Business schools want more women in their programs. What makes a business school female-friendly? Let's take a closer look at five characteristics of female-friendly business schools.
- Student Tips
If you’re a woman aspiring to go to business school, the time has never been better.
Based on a recent report in The Financial Times, some business schools attract more women than others.
Some schools show their dedication to recruiting and supporting female students more than others in a variety of ways. Scholarships aimed at promoting more gender diversity in business help, as do women’s events and fellowships.
In the Financial Times article, David Simpson, an admissions director for an MBA program in the UK said, “Often when we source new awards, we are talking to potential donors about scholarships for women." He added, “That’s what a lot of our corporate and alumni donors are interested in anyway because most people see the issue of getting talented women into the pipeline to lead organizations as crucial to addressing a global imbalance.”
1. Female-specific scholarships
The presence scholarships specifically for women plays a significant role in attracting women to MBA programs.
Besides the obvious help with paying tuition, there’s a more profound reason that women-specific scholarships are critical for women to attend.
According to The Financial Times, women applying to MBA programs generally have greater financial concerns than their male counterparts. Why? For most full-time MBA programs, applicants need to have work experience. Between university graduation and MBA programs, women are more likely than men to work in lower-paying industries—and experience the gender pay gap.
Most women are already starting the MBA journey at a financial disadvantage compared to their male counterparts.
Many top schools are now offering merit-based scholarships for women to encourage exceptional women to enroll in MBA programs—and to make a strong impact in the business world.
2. The presence of a Women’s Student Association
When there’s a group on campus specifically designed to support women in their education and careers, women are more likely to
From review sessions to mentoring and advocacy, and social events an active women’s student association helps female MBA students develop a sense of community around gender equality, not just in the business world, but everywhere.
3. It’s open to young women
It’s a good time to be a woman who wants to pursue an MBA in business. Especially a young woman.
Business schools are starting to pitch to undergraduate women, to catch them before they enter the workforce and put an MBA on their potential trajectory.
Some are even starting to pitch to high schools.
The idea? While business schools and MBA programs typically prefer applicants with some work experience, MBA recruitment offices realize that this puts women in their late 20s or early 30s—coincidentally the age when lots of women decide to start their families.

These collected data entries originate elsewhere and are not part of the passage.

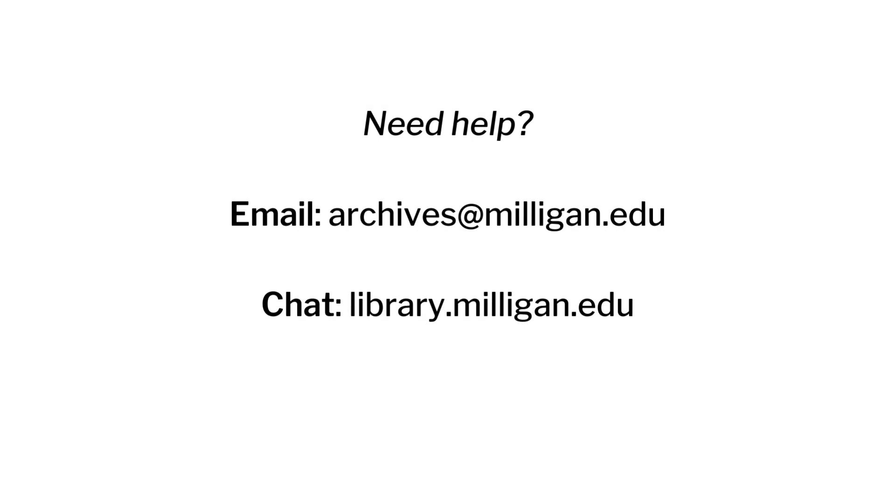It is important to note that if you realize later that you made an error in your submission, such as uploading the wrong file, you do not need to resubmit. Simply contact the archivist at archives@milligan.edu to note what needs to be changed. It will be easier for the archivist to make changes this way than to deal with a duplicate submission.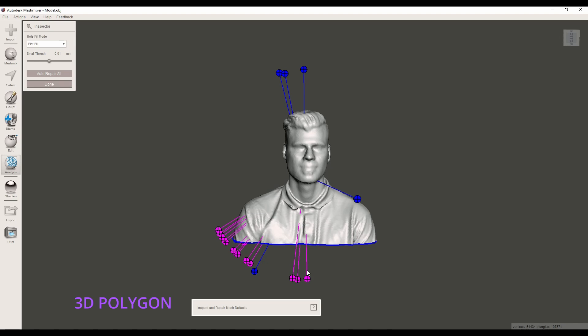Hi everybody, this is Mahmoud Zali from 3D Polygon and today I'm gonna show you the easiest way to make sure that your STL or OBJ files have no issue before printing. Some of you may have heard about mesh mixer but have no idea that you could easily fix your STL or OBJ files. Now the question is why mesh mixer?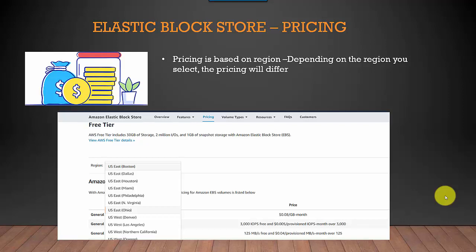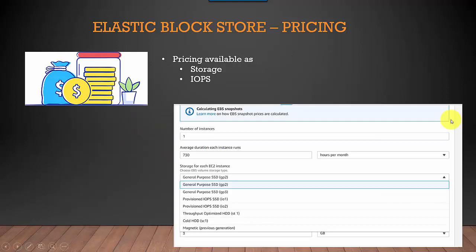Hey everyone, in this video we will talk about EBS pricing and what are the factors that impact EBS pricing. The first one, straight off, is the region. As you can see here, depending on the region that you select your EBS volume to be in, the pricing will change.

If MBA programs can get women thinking about earning an MBA early, the hope is that women will plan for it while they’re young, and apply when the time is right.
4. Many women on faculty and in leadership roles
The business world is skewed toward males, and the business school world is no different.

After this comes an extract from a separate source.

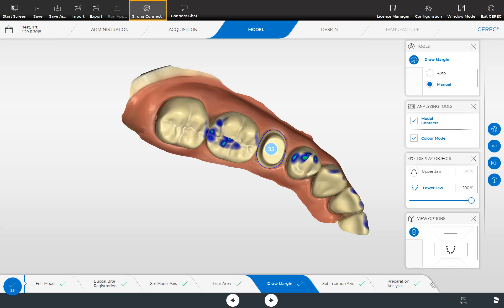By tapping Serona Connect, you can send the model data to your partner lab via the ConnectCase center portal, either for a design creation or for the final production of the restoration. Both parties need to have an internet connection as well as a Connect customer account. You will find information regarding the export function in our video tutorial on the topic of Export Options with CEREC Software 5.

By creating an environment where women faculty feel intellectually equal (or even superior to) their male counterparts, business schools can attract top female candidates.
If the environment is apparently unfriendly to women and female faculty and staff don’t feel supported, female students won’t, either.
5. Gender-based research in management and economics
Business schools cannot afford to overlook the differences between men and women in management and economics.
Women work well together in the workplace and too much competition can be harmful to their working relationships.
Men generally have a different approach to competition.
What happens when relationships among women change in the workplace? Why is there a perception that women in business are mean or cut-throat?
It’s important for a business school to understand that men and women typically have different approaches to competitive structures—and some of those are harmful to their success.